Robert Lucy, Professor at the University of Alberta and Director study Published in Science Advances, he said the findings helped explain the early growth of the canine population, which humans turned to for housework, herding, and sledding.
Previous research focused on only two main ideas to explain how dogs changed from being wolves, a process that began about 40,000 years ago.
The first of these assumptions is that friendly wolves approached human camps during the Ice Age to search for meat, isolating themselves from their wild counterparts, and then were purposely bred as dogs.
The second is that some dogs developed a better ability to digest starch after the agricultural revolution, which is why some modern breeds have more copies of the gene AMY2B, which produces pancreatic amylase.

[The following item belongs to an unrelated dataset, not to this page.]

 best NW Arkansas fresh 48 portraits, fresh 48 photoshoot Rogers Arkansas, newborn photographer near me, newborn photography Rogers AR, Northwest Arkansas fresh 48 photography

To study the diet of ancient dogs in greater depth, Lucy and his colleagues analyzed the remains of about 200 of these animals and 200 wolves that lived during the past 11,000 years.
“We had to turn to groups all over the SiberiaWe analyzed the bones, took samples of collagen and studied the protein in the labs.”
Based on the remains, the team made statistical estimates of the animals’ body sizes. They also used a technique called stable isotope analysis to estimate diets.
Scientists found that dogs from 7,000 to 8,000 years ago “were already very small, which means they can’t do the same things that most wolves can do,” Lucy explained.
This has led them to become more dependent on humans for food and hunting small prey rather than the large hunts of wolves.
Dogs at the time, he said, ate “fish, shellfish, seals and sea lions that they couldn’t easily get on their own.” He added that they ate fish “in regions of Siberia where lakes and rivers were frozen for seven to eight months a year.”
While the wolves of those times, as well as the present-day wolves, hunted in groups and ate basic types of deer.
Advantages and Challenges
New dog diets present both benefits and challenges. “The advantages are because they have access to human food, easily at first, but at the cost of new diseases and problems,” Lucy noted.
While the new bacteria and parasites they were exposed to may have helped some of them adapt, it is possible that entire groups of dogs did not survive.
Most of the first dogs in the Americas went extinct, for reasons that are unclear, and were replaced by European dogs, although colonization is not to blame for the process.
The dogs that survived gained more diverse gut microbes, which helped them digest more of the carbohydrates associated with living with humans.